Available data:
....

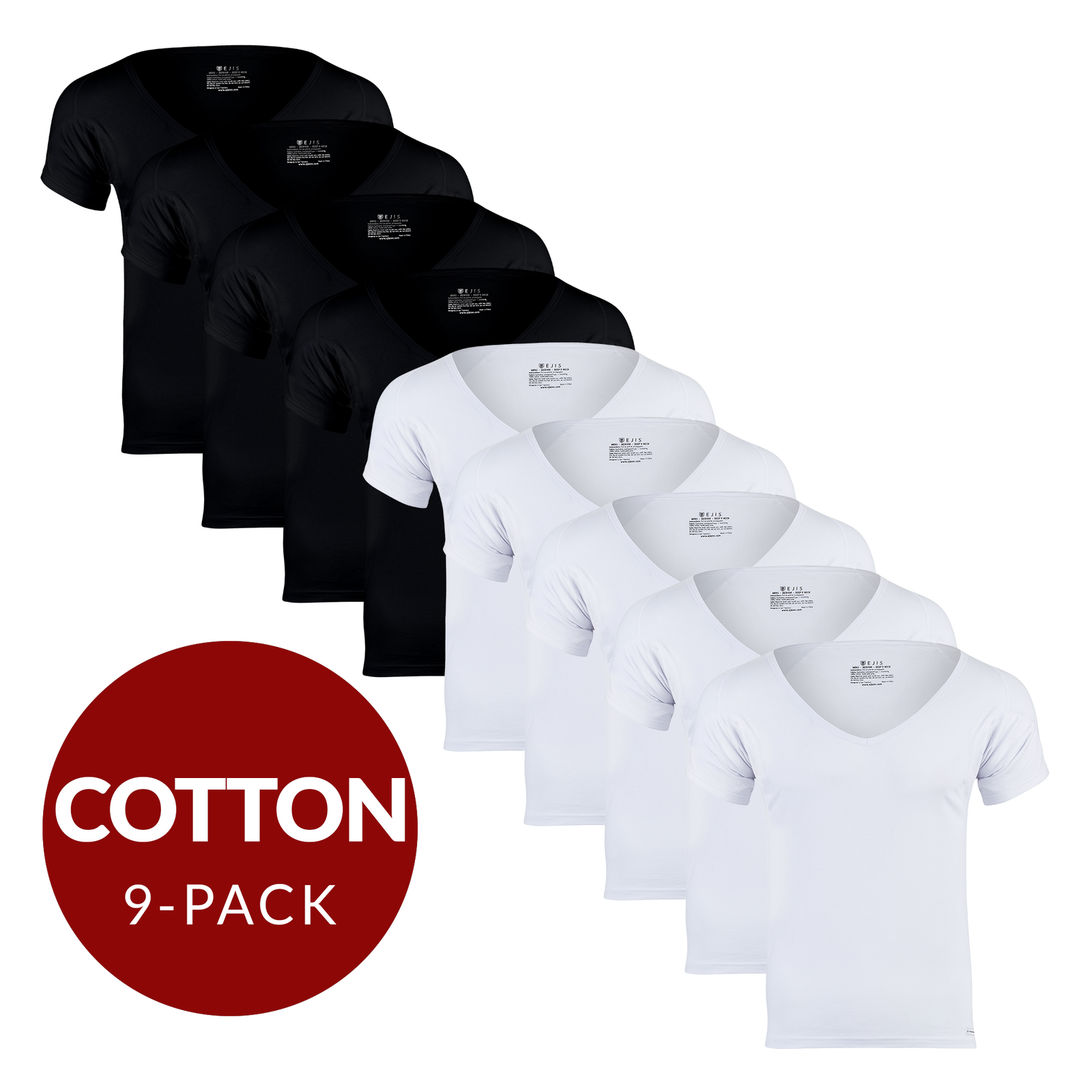 Deep V Cotton Sweat Proof Undershirt For Men - Mix 9-Pack (5x White, 4x Black) - Ejis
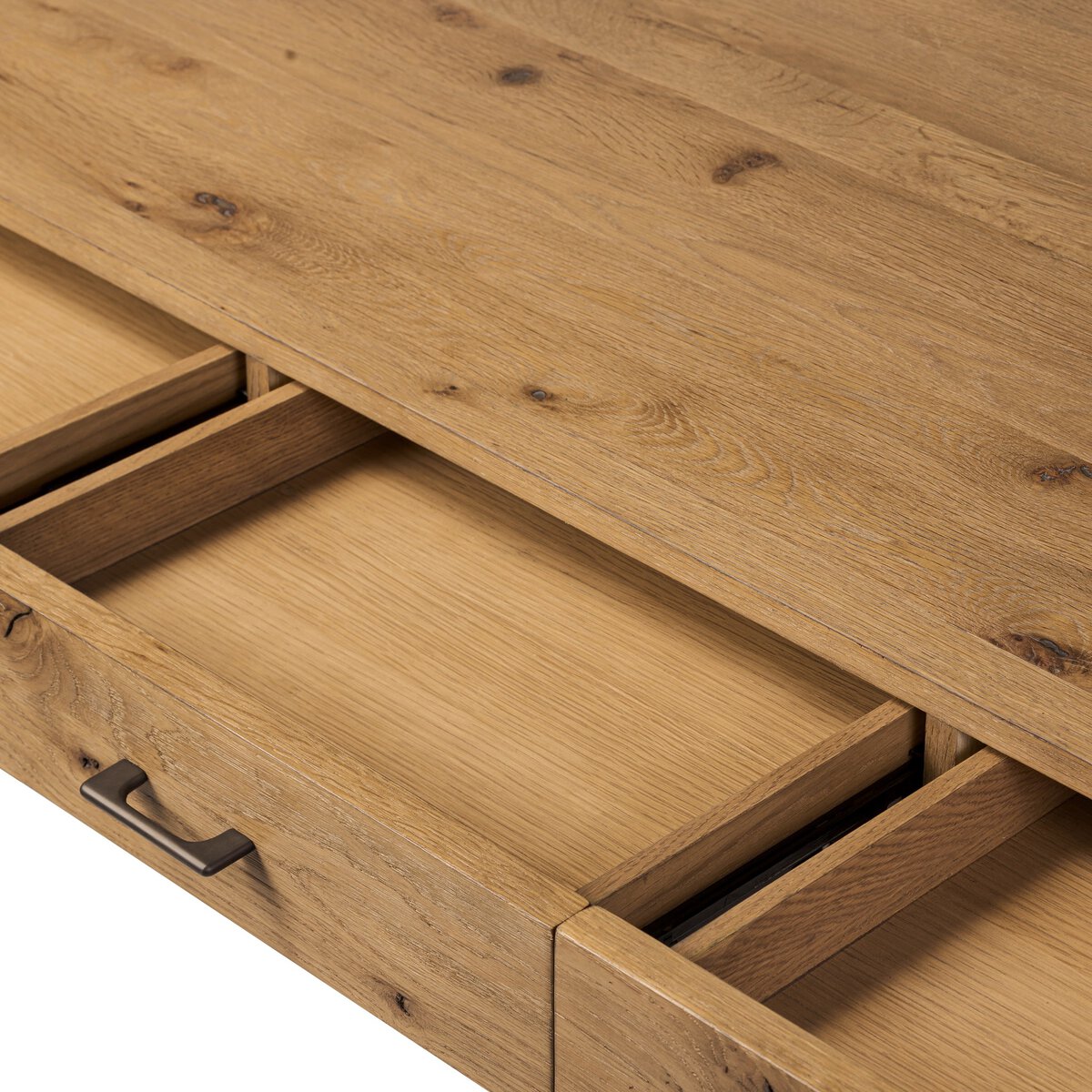 Resawn Oak 3 Drawer Desk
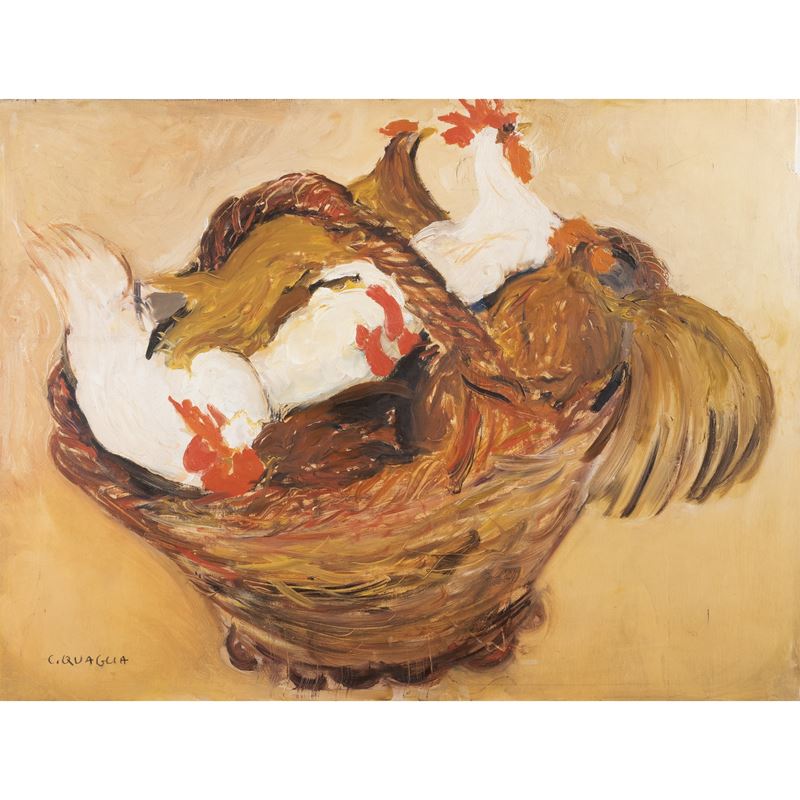 Carlo Quaglia - Galline nel cesto, olio su tavoletta, 45x60 cm, ca. 1955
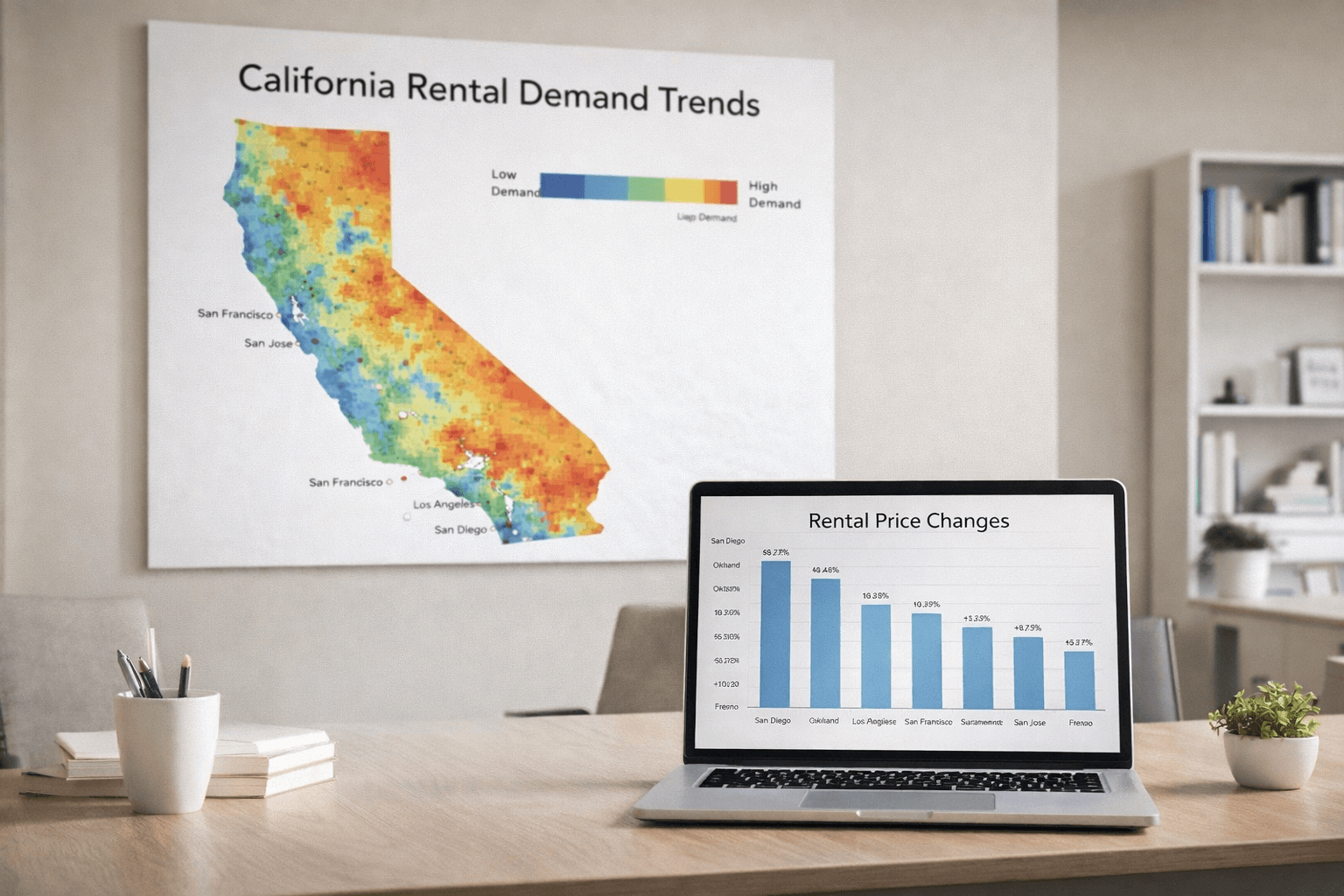 Ali Shariat | Real Estate Group | Top Investment Strategies in California for High Returns in 2026 California rental demand heat map and laptop showing rental price trends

....

Your objective: Transcribe all of the lines above exactly as given. The pictures stay out.

Completed exercise:
 Deep V Cotton Sweat Proof Undershirt For Men - Mix 9-Pack (5x White, 4x Black) - Ejis
 Resawn Oak 3 Drawer Desk
 Carlo Quaglia - Galline nel cesto, olio su tavoletta, 45x60 cm, ca. 1955
 Ali Shariat | Real Estate Group | Top Investment Strategies in California for High Returns in 2026 California rental demand heat map and laptop showing rental price trends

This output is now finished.